On a trip to Germany, Ukrainian President Volodymyr Zelenskiy stated on Sunday that Kiev and its allies might render a Russian defeat “irreversible” as early as this year, as he won a massive new weapons package and was awarded the prestigious Charlemagne Prize.

Zelenskiy’s visit, his first to Germany since Russia’s invasion of Ukraine in February 2022, is part of a larger effort to bolster support from Kyiv’s military and financial backers ahead of a massive counter-offensive expected in the coming weeks.

French media reported that the Ukrainian leader, who met with Italian officials and the Pope in Rome on Saturday, is heading to Paris later on Sunday. The French government could not immediately be reached for comment.

“Now is the time for us to determine the end of the war already this year, we can make the aggressor’s defeat irreversible already this year,” Zelenskiy said during a joint news conference in Berlin with German Chancellor Olaf Scholz.

Scholz underscored Germany’s pledge to continue to support Ukraine for as long as necessary, brushing aside a question about earlier tensions in bilateral relations and side-stepping another question about Kyiv’s hopes to join NATO.

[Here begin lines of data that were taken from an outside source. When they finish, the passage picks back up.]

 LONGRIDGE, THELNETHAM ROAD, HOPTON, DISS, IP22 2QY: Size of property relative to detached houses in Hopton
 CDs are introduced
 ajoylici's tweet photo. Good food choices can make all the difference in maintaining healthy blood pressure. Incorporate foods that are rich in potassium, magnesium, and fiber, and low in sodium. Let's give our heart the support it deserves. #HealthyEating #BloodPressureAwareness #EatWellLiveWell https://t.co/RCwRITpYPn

Germany, which is Europe’s largest economy, faced criticism at the start of the war for what some called a hesitant response, but it has become one of Ukraine’s biggest providers of financial and military assistance.

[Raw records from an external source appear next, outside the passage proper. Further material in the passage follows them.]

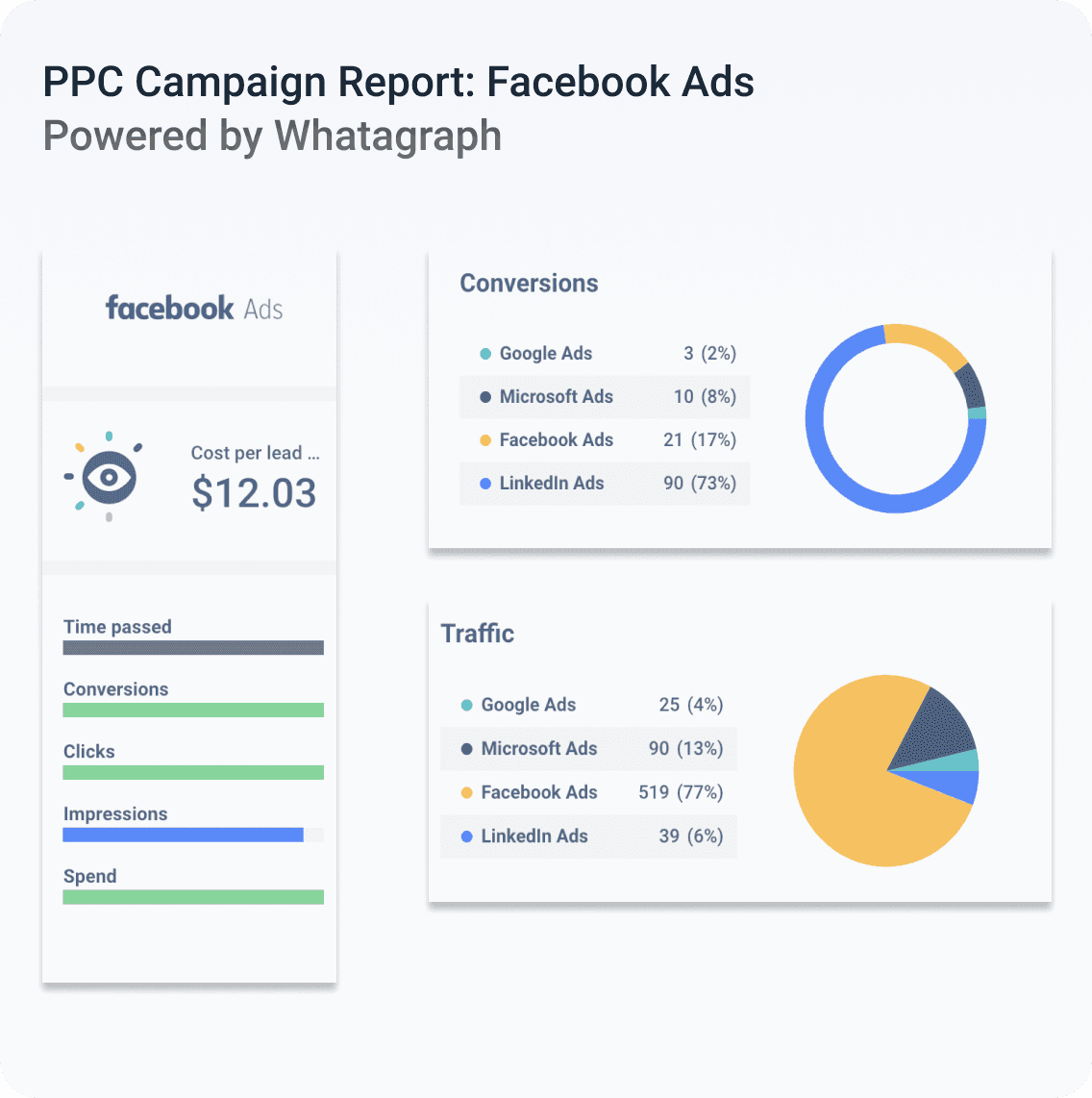 How to do PPC Data Analysis - With Practical Examples | Whatagraph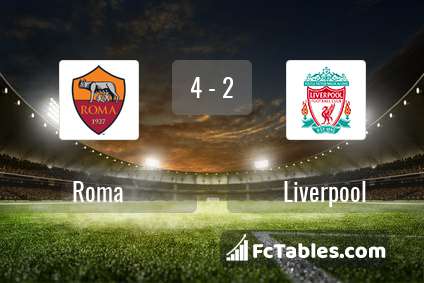 Podgląd zdjęcia AS Roma - Liverpool FC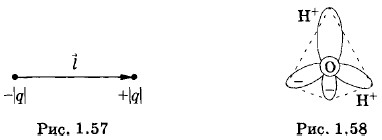 ����� ����������� ����� � �������� ����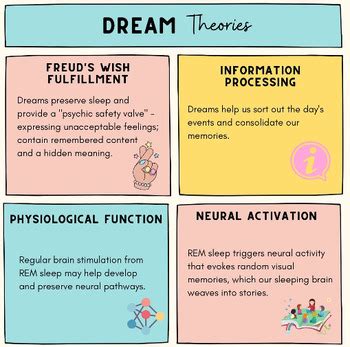 Exploring Dream Analysis: Theories and Techniques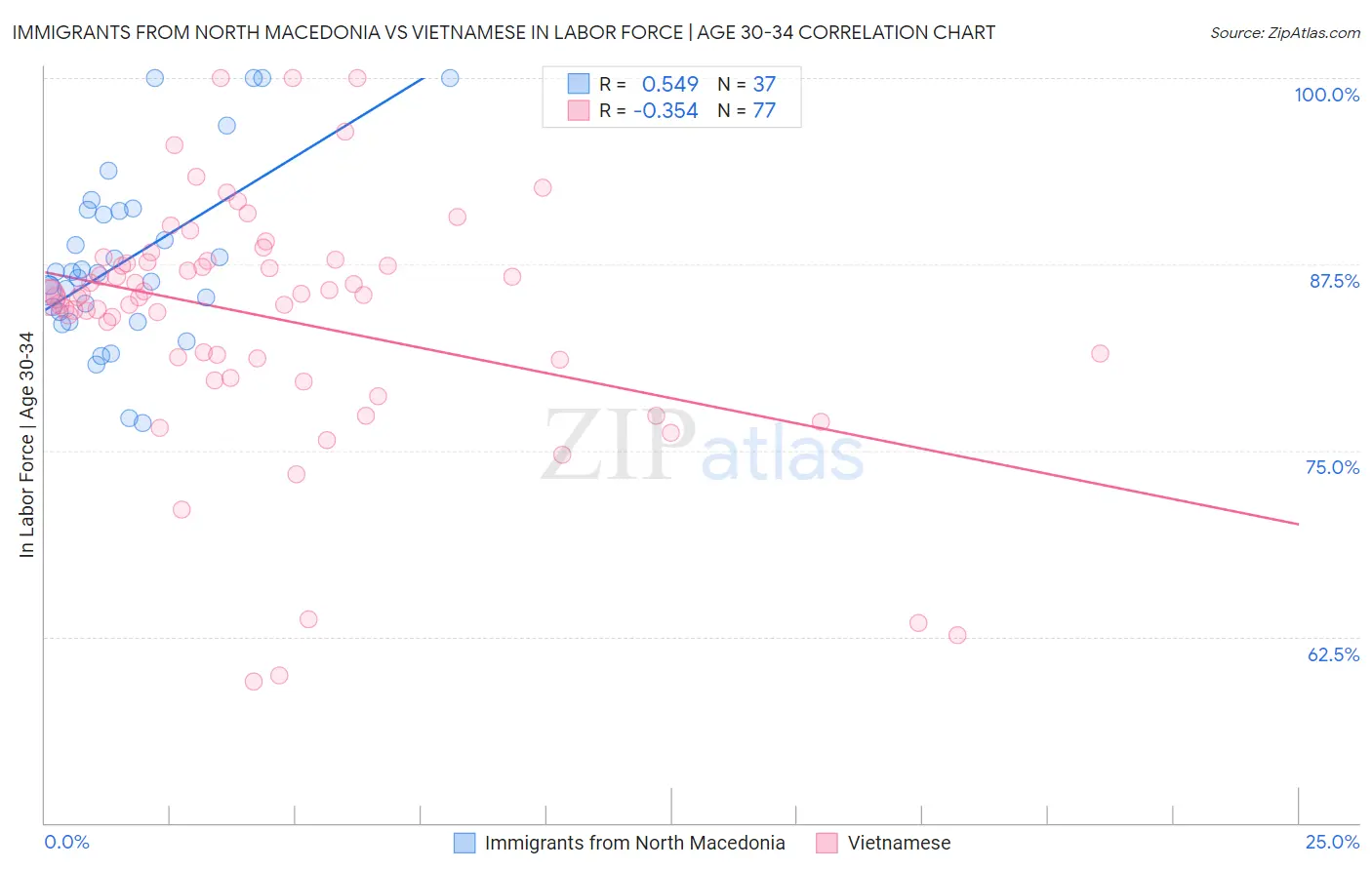 Immigrants from North Macedonia vs Vietnamese In Labor Force | Age 30-34
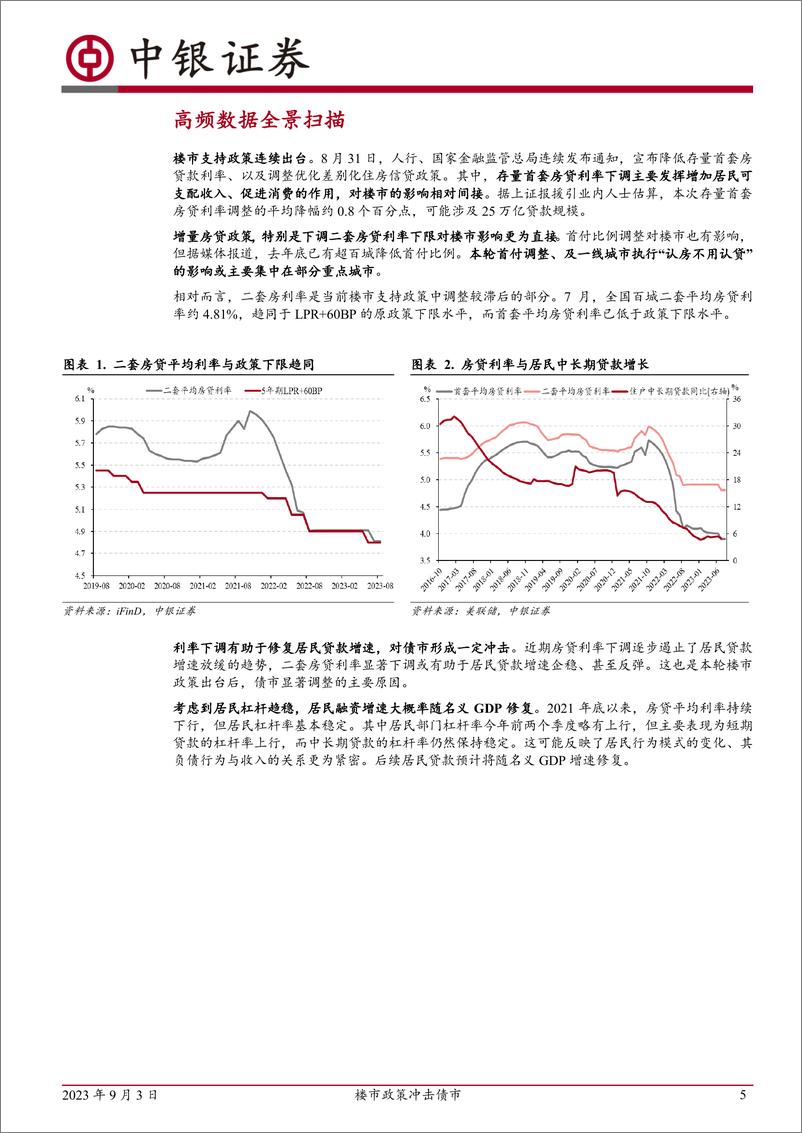 《高频数据扫描：楼市政策冲击债市-20230903-中银国际-23页》 - 第6页预览图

The German government announced a 2.7 billion euro ($3 billion) package of military aid to Ukraine on Saturday, its biggest such package since Russia’s invasion.

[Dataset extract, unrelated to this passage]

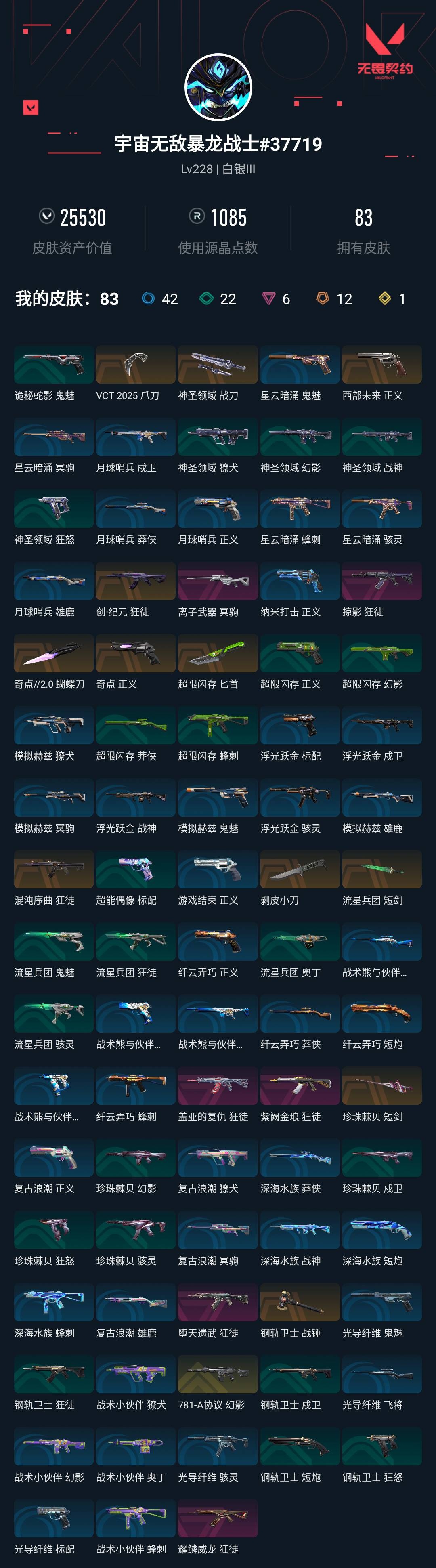 2359497-【保证金商户】【编号41630】【23英雄83皮肤】【83皮 12传奇1终极6卓越】
VCT 2025爪刀  奇点蝴蝶刀  剥皮小刀  781幻影    创纪元狂徒   西部未来正义
奇点正义  混沌狂徒  离子冥驹    掠影狂徒
盖亚狂徒  紫金狂徒  堕天遗武狂徒   耀鳞威龙狂徒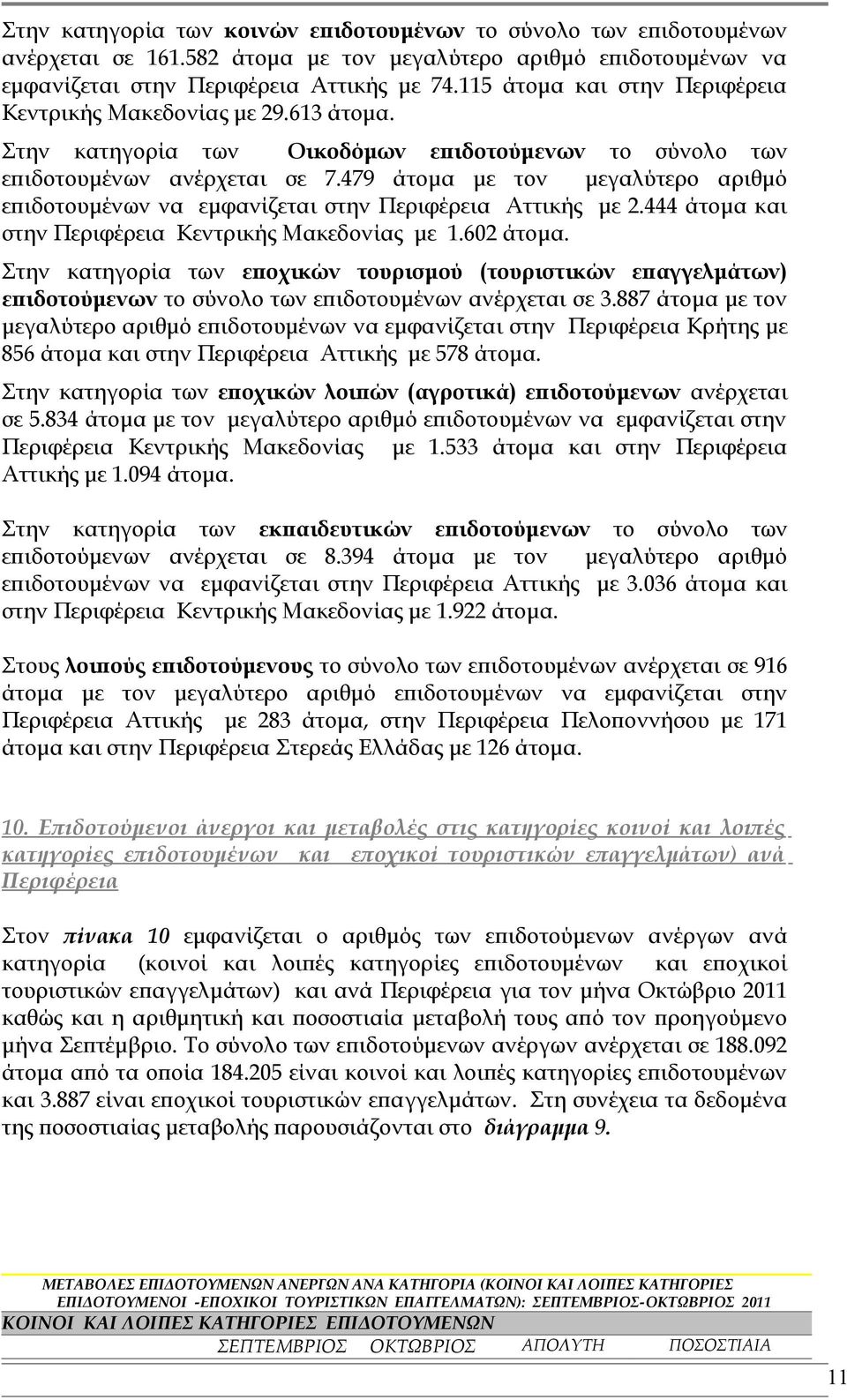 479 άτομα με τον μεγαλύτερο αριθμό επιδοτουμένων να εμφανίζεται στην Περιφέρεια Αττικής με 2.444 άτομα και στην Περιφέρεια Κεντρικής Μακεδονίας με 1.602 άτομα.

Zelenskiy said Kyiv was prepared to discuss external peace initiatives but said those proposals should be based on Ukraine’s position and its peace plan.

“The war is happening on the territory of our country and so any peace plan will be based on Ukraine’s proposals,” he said, wearing his trademark khaki combat trousers and a black sweater.

Kyiv has ruled out the idea of any territorial concessions to Russia and has said it wants every inch of its land back. Russia annexed the Crimean peninsula in 2014 and since last year has claimed to have annexed four other Ukrainian regions, which Moscow now calls Russian land.

“Ukraine is ready for peace. But it demands, rightly and with our support, that this cannot mean to freeze the war and have a form of dictated peace by Russia,” said Scholz.

Zelenskiy’s visit came as Russia’s Defence Ministry said on Sunday that two of its military commanders were killed in eastern Ukraine, as Kyiv’s forces renewed efforts to break through Russian defences in the embattled city of Bakhmut.

PAST TENSIONS

Zelenskiy left open the prospect of a “risk that if the (counter)offensive is not very successful that there will be less support, but I don’t think this is the general view”.

“There are some countries that are thinking about it, but I don’t think they’ve been very strong in their support for Ukraine throughout this period,” he added, without specifying which countries could waver in their backing for Ukraine.

Zelenskiy visited Germany for the Munich Security Council in February last year, just before the war broke out. Germany was constrained in its support for Ukraine at that time both by its energy dependence on Russia and the pacifism that emerged from its bloody 20th century history.

Increasing its support required a major policy upheaval and a shift in mindset that Scholz dubbed a “Zeitenwende”, or turn of era, in a landmark speech just days after the war broke out.

Zelenskiy flew to Berlin on a German government plane escorted over German airspace by fighter jets of the Luftwaffe air force, arriving in the middle of the night.

Later on Sunday he travelled with Scholz to Aachen in west Germany to receive the prestigious Charlemagne prize in honour of services to Europe at a ceremony attended by European Commission President Ursula von der Leyen and Polish Prime Minister Mateusz Morawiecki.

The Ukrainian people, under Zelenskiy’s leadership, are fighting not only for their country “but also Europe and European values”, the prize committee said in a statement.

In a speech at the ceremony, Scholz gave Germany’s “full support” to Ukraine’s journey towards membership of the European Union.